Abstract:The ratio between the probability that two distributions $R$ and $P$ give to points $x$ are known as importance weights or propensity scores and play a fundamental role in many different fields, most notably, statistics and machine learning. Among its applications, importance weights are central to domain adaptation, anomaly detection, and estimations of various divergences such as the KL divergence. We consider the common setting where $R$ and $P$ are only given through samples from each distribution. The vast literature on estimating importance weights is either heuristic, or makes strong assumptions about $R$ and $P$ or on the importance weights themselves. In this paper, we explore a computational perspective to the estimation of importance weights, which factors in the limitations and possibilities obtainable with bounded computational resources.
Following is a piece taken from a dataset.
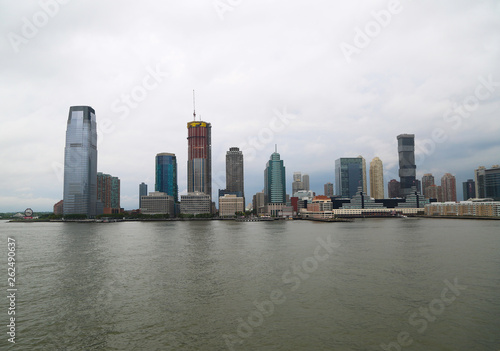 New York city on a gloomy day - panorama view from the water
We significantly strengthen previous work that use the MaxEntropy approach, that define the importance weights based on a distribution $Q$ closest to $P$, that looks the same as $R$ on every set $C \in \mathcal{C}$, where $\mathcal{C}$ may be a huge collection of sets. We show that the MaxEntropy approach may fail to assign high average scores to sets $C \in \mathcal{C}$, even when the average of ground truth weights for the set is evidently large. We similarly show that it may overestimate the average scores to sets $C \in \mathcal{C}$. We therefore formulate Sandwiching bounds as a notion of set-wise accuracy for importance weights. We study these bounds to show that they capture natural completeness and soundness requirements from the weights. We present an efficient algorithm that under standard learnability assumptions computes weights which satisfy these bounds. Our techniques rely on a new notion of multicalibrated partitions of the domain of the distributions, which appear to be useful objects in their own right.